Trump set to decrease US funding of United Nations |
The Administration’s tough strategy is specifically aimed at reducing, rather than eliminating, U.S. support for the world organization and will not affect, at least in the short term, Washington’s current dues-paying commitment to pay 22 per cent of the U.N.’s so-called “regular” budget ($5.6 billion for 2016-2017) and 28.5 percent of its peacekeeping obligations ($7.9 billion) this year.
But at the same time, the intent is clearly to hold the U.N.’s feet close to the fire on its value to U.S. goals and interests, as well as take special aim at organizations that offer full membership to the Palestinian Authority or the Palestinian Liberation Organization, or are heavily influenced by states that sponsor or support terrorism and/or systematically violate human rights.
The methods for doing that include seeing what the organization has done with the money it has already received, finding ways to turn as much spending as feasible into voluntary rather than mandatory contributions—which the Administration would like to cut by 40 per cent—better sharing the international cost burden in the future, and making sure that U.S. contributions are “used in a manner consistent with their designated purpose.”
Greater voluntary funding rather than automatic dues-paying has long been advocated by conservative reformers such as former U.S. Ambassador to the U.N. John Bolton (who is also a Fox News Contributor) as helping to bring the world organization into greater conformity with U.S. values and objectives.
The new approach is laid out in a draft presidential executive order obtained by Fox News that aims straightforwardly to “ensure better alignment between United States national interests and U.S. monetary support to the United Nations and other international organizations.”
Parts of the draft order are evidently still in flux, but that topic has long been a focus of concern among conservatives and U.S. activists suspicious of the runaway implications of the U.N.’s expanding global bureaucracy, but also among reformers frustrated at unsuccessful U.S. and Western efforts to rein in U.N. spending and make it more transparent and accountable, even while the U.S. remains far and away the world body’s biggest single financial supporter.
Those frustrations were especially aggravated by the Obama Administration’s stealth approach to U.S. funding: no aggregated figures on U.S. support for the U.N. and its sprawling array of funds, programs and agencies since 2010, when the overall tally, which could well have been low-balled, was about $7.7 billion.
The Administration has not yet given an indication of when the executive order will be published, but the intention in the draft version is to have the process in gear to start taking effect by Jan. 1, 2018.
Indeed, notes Brett Schaefer, an expert on U.N. financing at the conservative Heritage Foundation, any changes as a result of the process are unlikely to be made until President Trump presents his budget for fiscal 2019. “It’s going to be a very deliberate process,” notes Schaefer. “Moreover, it’s incredibly overdue. The U.S. should be doing this as a matter of course.”

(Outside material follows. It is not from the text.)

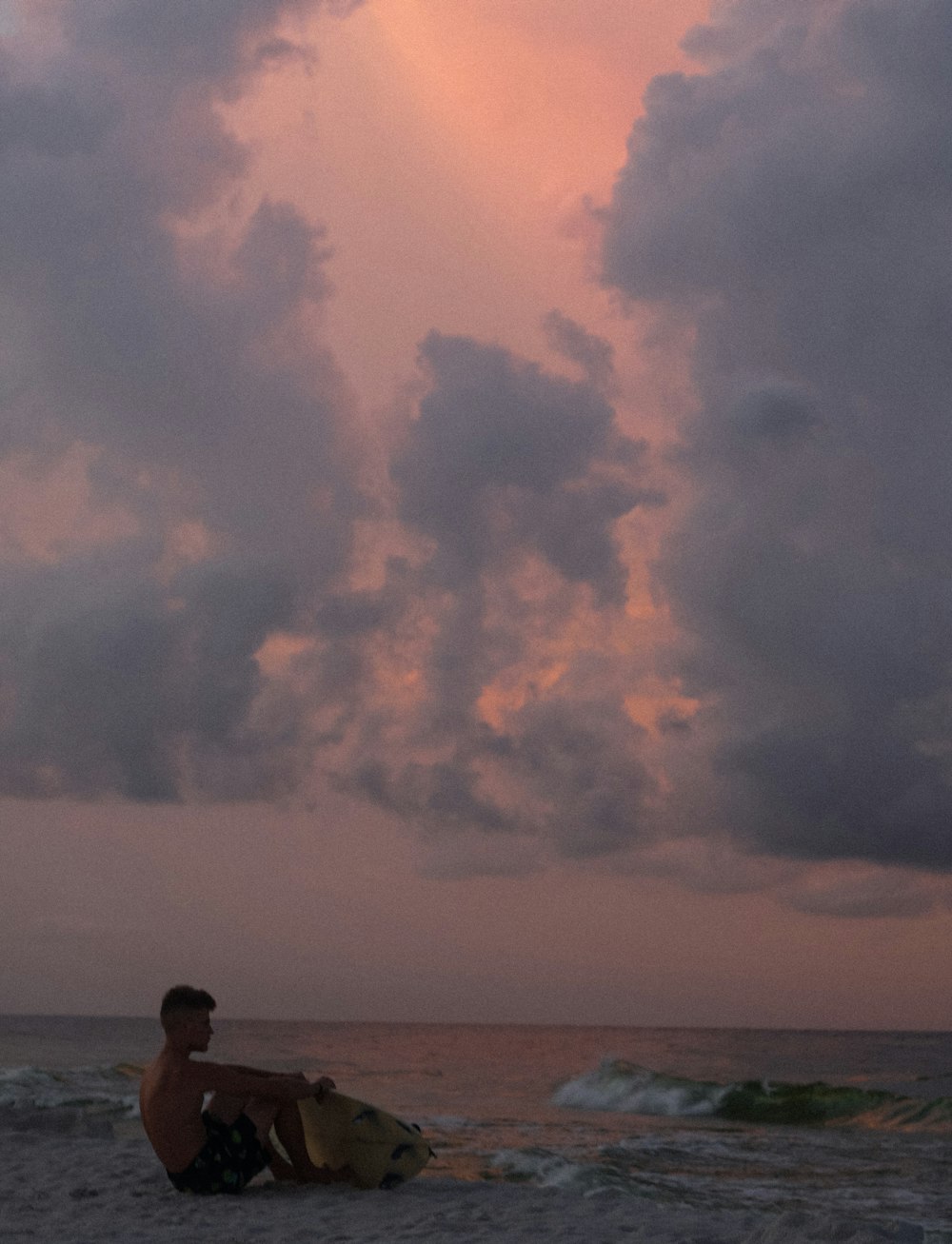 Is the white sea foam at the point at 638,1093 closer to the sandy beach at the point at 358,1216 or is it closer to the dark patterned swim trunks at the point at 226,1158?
the sandy beach at the point at 358,1216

The title of the draft executive order—“Auditing and Reducing U.S. Funding of International Organizations”—makes clear that the Administration sees the challenge of transparency in the U.S. government itself as a necessary first step in dealing with semi-eternal complaints that the U.S. spends too much and gets too little for its U.N. financial support .
To deal with that, the draft order calls for:
- Creation of an “International Funding Accountability Committee” in the executive branch, including the Secretary of State, the Attorney General, the Director of National Intelligence and the Counsel to the President, or their delegates, to take stock of spending on the U.N. and other international organizations (the U.N. got about 90 per cent of that total, according to the Obama Administration’s 2010 tally)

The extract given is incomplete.